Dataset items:
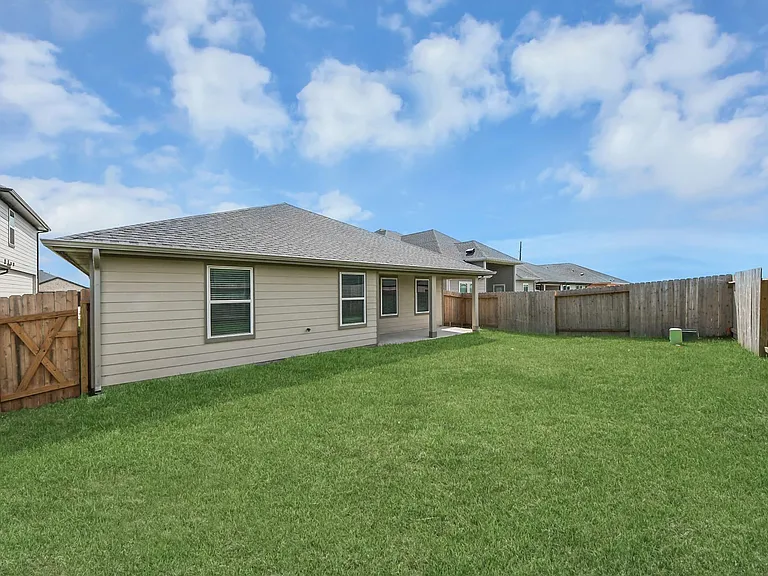 31138 Warwick Coast Ct — Photo 34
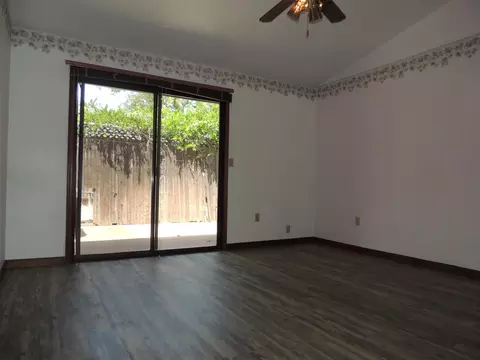 2828 Harlan Dr, Redding, CA 96003 photo 11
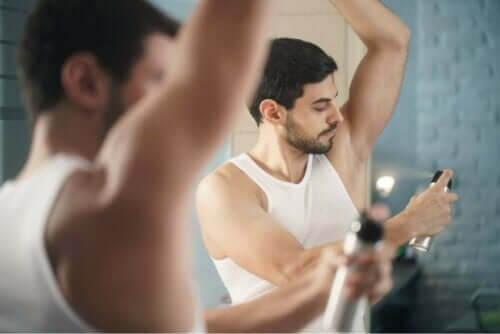 Mann påfører deodorant
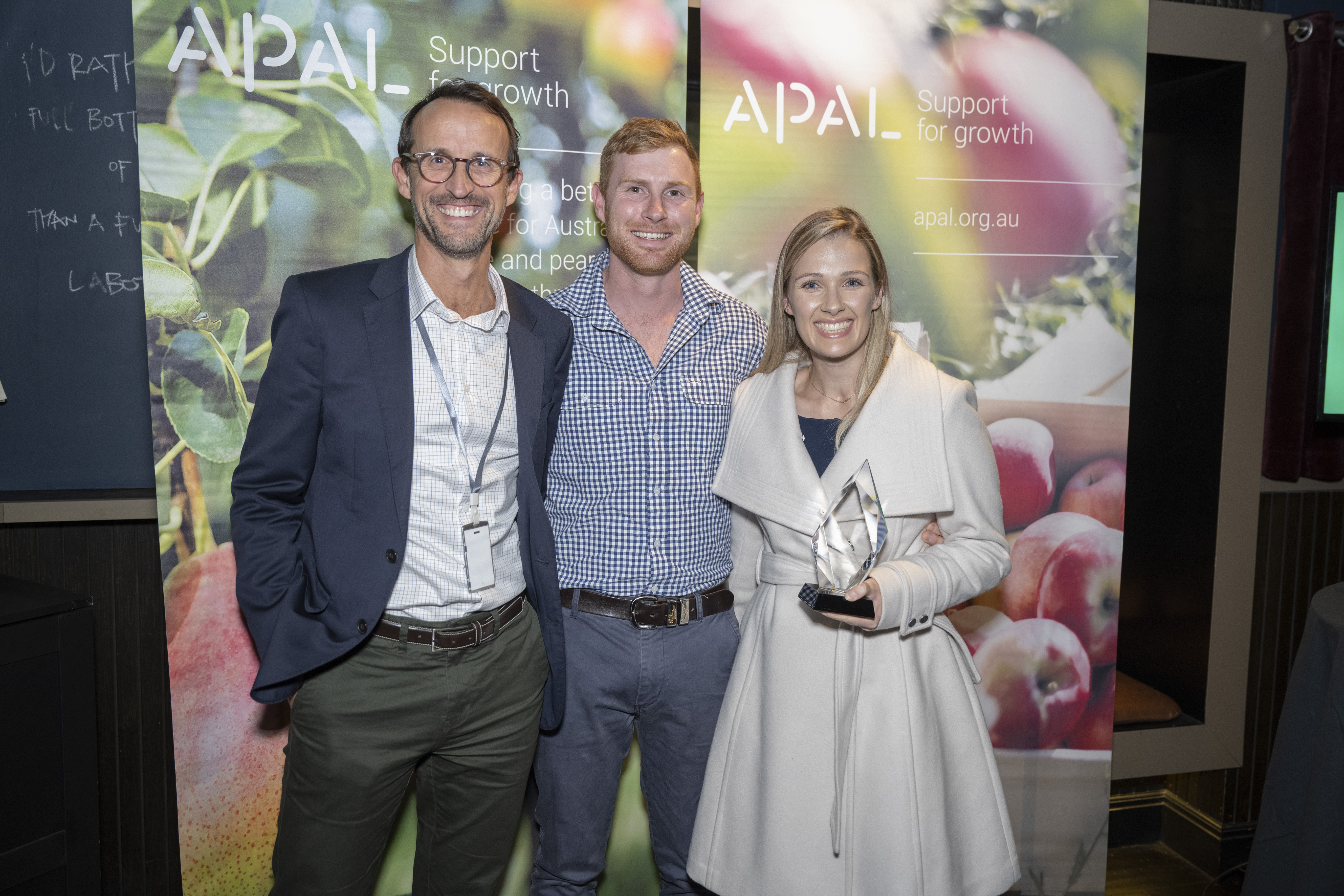 The apple of Australia’s eye: National award for our local orchard!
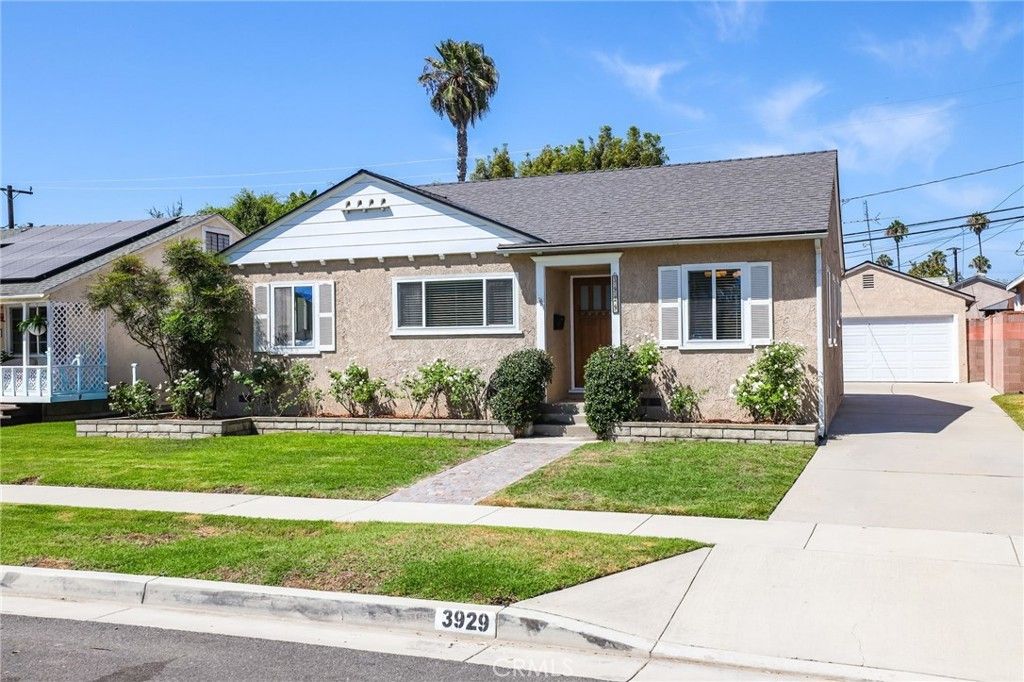 3929 Karen Avenue, Long Beach
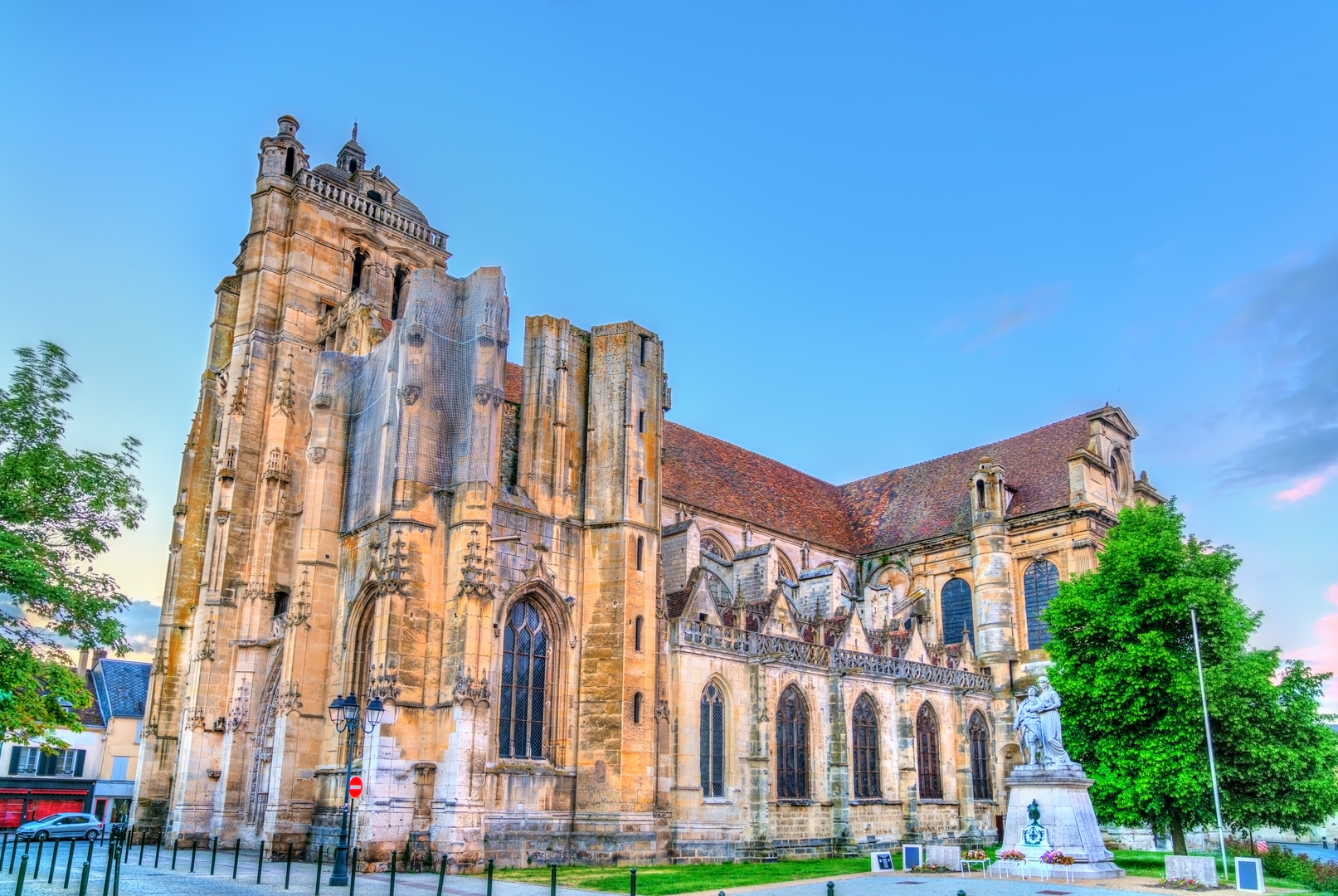 An image depicting the trail GR 22 - De Paris Au Mont Saint Michel and its surrounding area.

ACTIVITY | Repeat the entries faithfully. Any picture gets left out.

COMPLETED EXERCISE |
 31138 Warwick Coast Ct — Photo 34
 2828 Harlan Dr, Redding, CA 96003 photo 11
 Mann påfører deodorant
 The apple of Australia’s eye: National award for our local orchard!
 3929 Karen Avenue, Long Beach
 An image depicting the trail GR 22 - De Paris Au Mont Saint Michel and its surrounding area.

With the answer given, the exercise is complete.